Factory work exhausts the nervous system to the uttermost; at the same time, it does away with the many-sided play of the muscles, and confiscates every atom of freedom, both in bodily and in intellectual activity. Even the lightening of the labour becomes an instrument of torture, since the machine does not free the worker from the work, but rather deprives the work itself of all content. Every kind of capitalist production, in so far as it is not only a labour process but also capital’s process of valorization, has this in common, but it is not the worker who employs the conditions of his work, but rather the reverse, the conditions of work employ the worker. However it is only with the coming of machinery that this inversion first acquires a technical and palpable reality.

Marx (1990), p. 548

It’s not hard to imagine Marx talking about the work we do on the web as we answer CAPTCHAs, like and retweet posts in social media, and microworkers labor in their browsers. It’s also not difficult to imagine Foucault saying something very similar when expounding on his idea of biopower. Marx and Foucault seem to have a lot more in common than people generally seem to admit. Perhaps the political projects that arose around them were quite different, especially in time, but meanwhile their thought aligns quite nicely in places.

Yes, I’m still working my way through Capital and listening to David Harvey’s online lectures as a podcast on my commute.
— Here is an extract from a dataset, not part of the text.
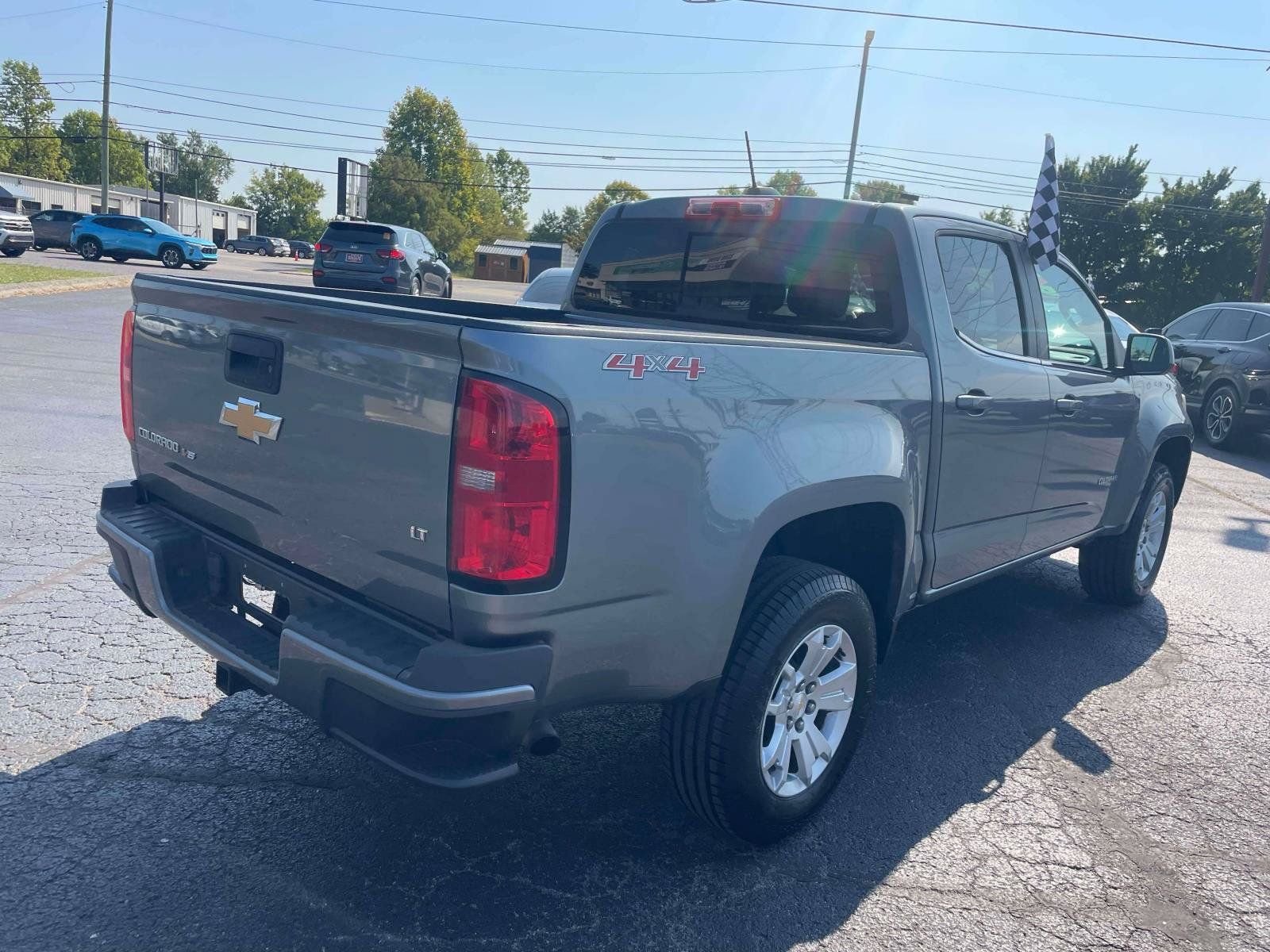 Used 2019 Chevrolet Colorado LT w/ LT Convenience Package AWD/4WD image 9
It is slow going, but it has been fun to slowly work through it at my own pace and not for a class or some directed purpose for my own research. But there are actually quite a few points of intersection, and it’s fun to run across them when Marx is writing in such a different time and place–which I guess is not so different after all. The scope of his project is truly remarkable.

Marx, K. (1990). Capital: A critigue of political economy (Vol. 1). London: Penguin.